To illustrate, he highlighted new apps and technologies in the retail sector , saying that in the past you would select a shirt from a store shelf based on certain measurements like neck size. Clothing was produced on a mass scale based on generic sizing. But now retail companies are rolling out services that will scan your body collecting personal data and then produce a bespoke shirt, tailored to you.
“Things are being produced for me based on my needs and measurements. I can send new measurements if there are any life changes, say I’ve been on a diet,” Honikman adds. “The app can recommend things based off my purchasing history. It can let me know when new fabrics or products are available.”
Financial services, he argues, needs to operate with the same principle in mind.
But getting there will require a big investment from financial firms. A majority of the market remains very weak on digital strategy, says Alois Pirker, research director of research and advisory firm Aite Group’s wealth management practice, speaking at the same In|Vest panel . “They don’t have a custom strategy, they’re inheriting it from existing vendor relationships.”
Common stumbling blocks to building a strong client data layer come from a fragmentation of client portals, 100% reliance on vendors and the outsourcing of all digital operations, he noted.
The size of the firm didn’t impact whether it had a progressive digital strategy or was using client data, Pirker added.
“The distinction between small and large companies is not dominant. It is between agile and do-not-care firms,” he says.
Quote“The best asset you have is the data but it is also the worst treated,” says Alois Pirker, research director of research and advisory firm Aite Group’s wealth management practice.
Firms with a progressive digital strategy share a few commonalities: they have an appetite for change, are independent of the back office, have a willingness to spend on technology, are at least considering robo or hybrid advice, and have a client data layer built inhouse or through vendor solutions.
“A client wants to know how they’re doing. They don’t care about the shelves of the back office,” says Honikman.
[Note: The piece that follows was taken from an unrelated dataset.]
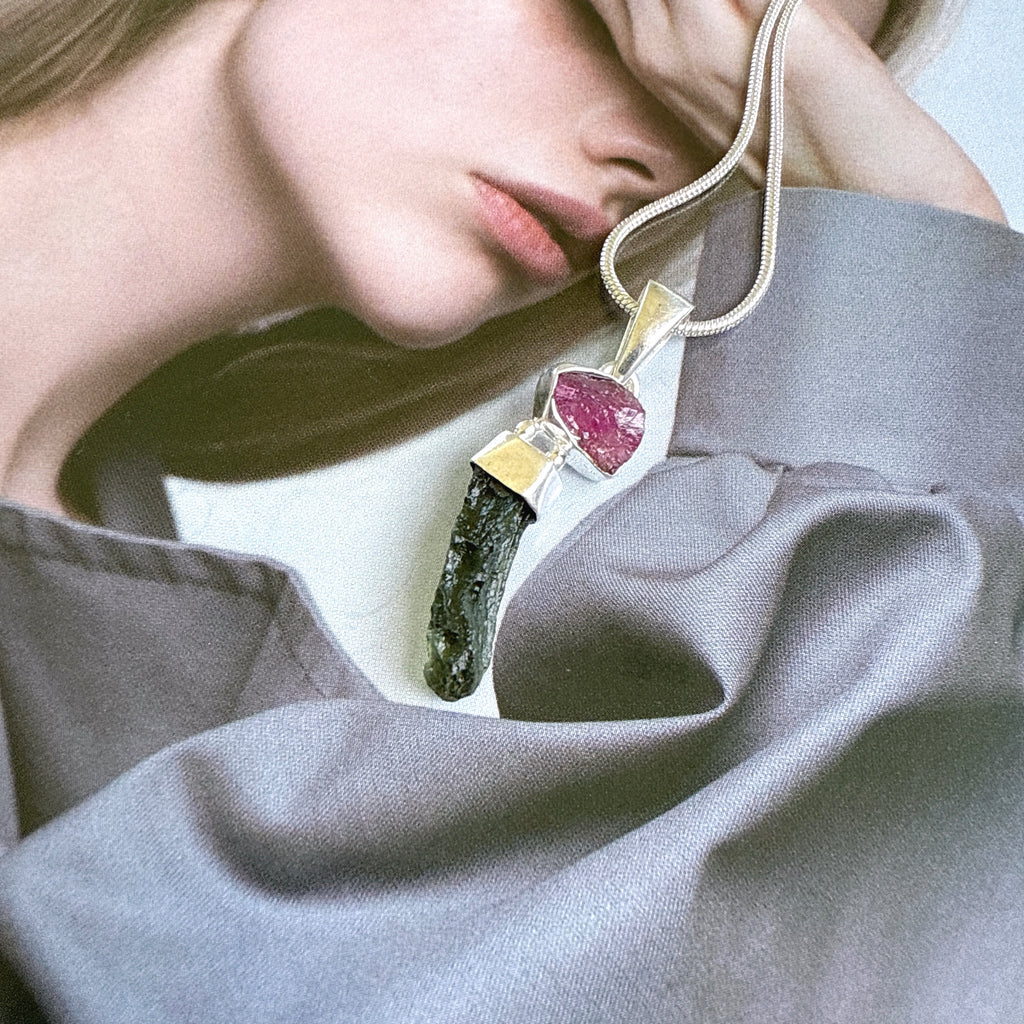 Moldavite & Pink Tourmaline Pendant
But to really be able to turn from a product view to a client view, firms need to aggregate and collect more data not just about specific products such as insurance, annuities or 401(k)s, but also non-financial factors such as family, health, education, profession, life stage, and goals.
“We need a plethora of data to get a much more granular segment, to get to a utopia of one,” says Honikman.
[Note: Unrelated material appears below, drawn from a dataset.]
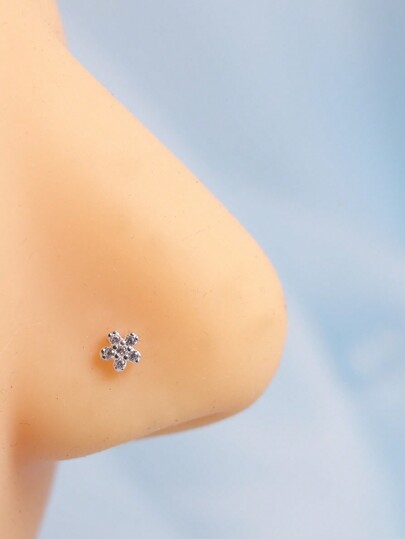 1pc 925 Sterling Silver Flower Shape CZ Nose Stud Piercing Jewelry Valentines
Most firms today are not equipped to handle clients based on such factors.
“The current segmentation of clients is based on a single number like asset level, it is based on factors affecting the profitability of the firm. But it’s these other parts like health and life stages that will become more important,” says Honikman. “We need to re-architect systems around more dynamic factors.”
The pair see this client data layer as the foundation for such changes, noting that firms who build a strong layer will not only be able to create content for individuals, but drive firm intelligence on identifying marketing opportunities, better empower advisors and spur revenue growth.
Aite found advisor revenue can grow by 16.7% by utilizing such data .
“The best asset you have is the data but it is also the worst treated, says Pirker. “It’s being treated as a bi-product and we need to be smarter about what we do next.”